(SUPPLIED RECORDS begins)

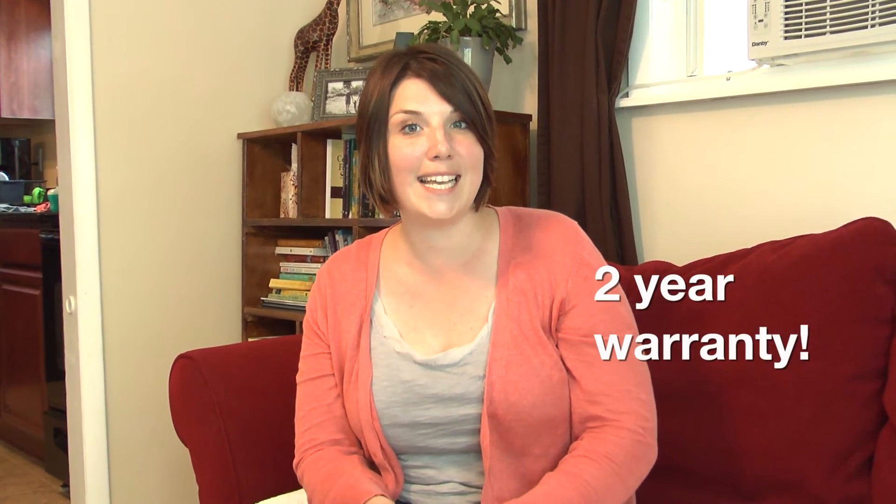Norwex has a two-year warranty, and I think that's awesome because it means they stand behind their cloths. So if you ever have a question or want to know how to use the cloths or need more information, I'd love to provide that for you.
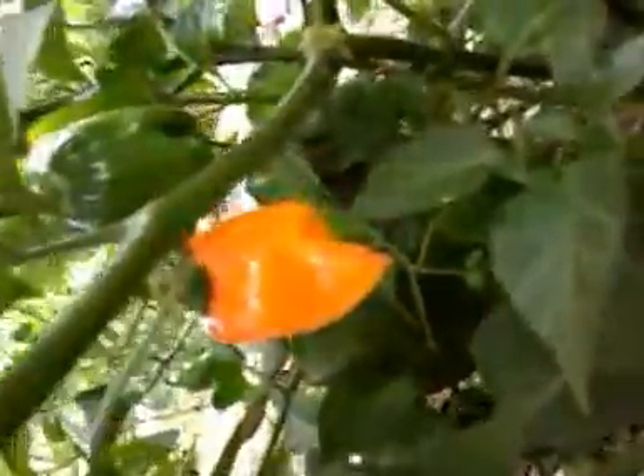They're going pretty nuts. I got a couple of them you can see there that are getting ripe. There's a third one.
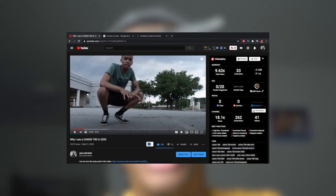Let's rewind to about May of this year. I made a video about my Canon 70D — why I still use one in the year 2020 and why I like the 70D in general. That video got almost 10,000 views and it's growing every single day. That's crazy because I've never gotten a video with that many views. I know it's not a lot, but it's a lot for me, and I just want to say thank you all so very much for that.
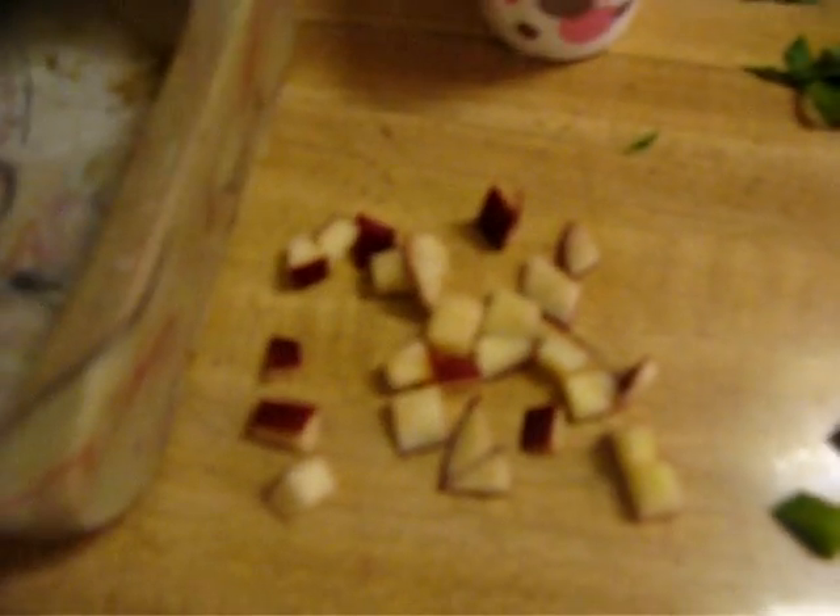Right now we have some chopped up Rome apples, some chopped up bell peppers, some black grapes, and some lettuce — the outer side of the lettuce, the greener part.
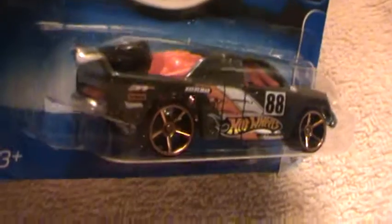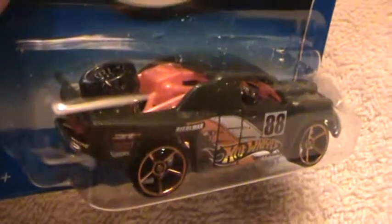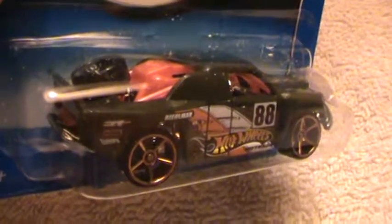Has a metal base and a metal chassis with so fast wheels it'll make it spin at 250 miles per hour. Somebody just don't even bother to catch it because you're going to lose your mind.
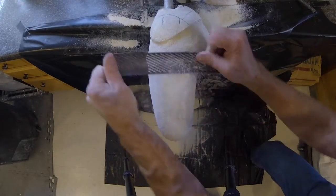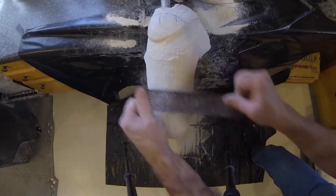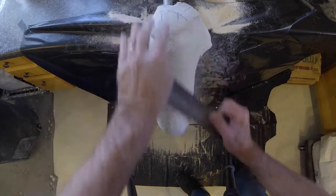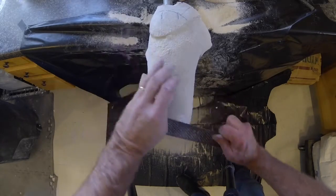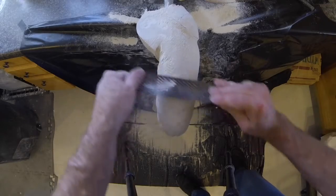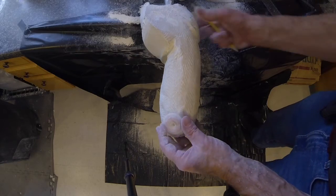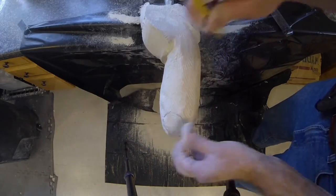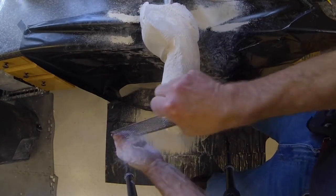Blend the lateral wall into the trim line modification as shown. If a valve will be used to facilitate donning by use of a donning sleeve, the area of the valve must be flattened as shown. The valve is placed anterior and medial, as far distal as possible, but still allowing easy access.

(SUPPLIED RECORDS ends)

EXERCISE DETAILS: Your output should be exactly the lines of the records above from the one with "Right now we" through the last, both ends included, with pictures excluded.

WRITTEN SOLUTION:
Right now we have some chopped up Rome apples, some chopped up bell peppers, some black grapes, and some lettuce — the outer side of the lettuce, the greener part.
Has a metal base and a metal chassis with so fast wheels it'll make it spin at 250 miles per hour. Somebody just don't even bother to catch it because you're going to lose your mind.
Blend the lateral wall into the trim line modification as shown. If a valve will be used to facilitate donning by use of a donning sleeve, the area of the valve must be flattened as shown. The valve is placed anterior and medial, as far distal as possible, but still allowing easy access.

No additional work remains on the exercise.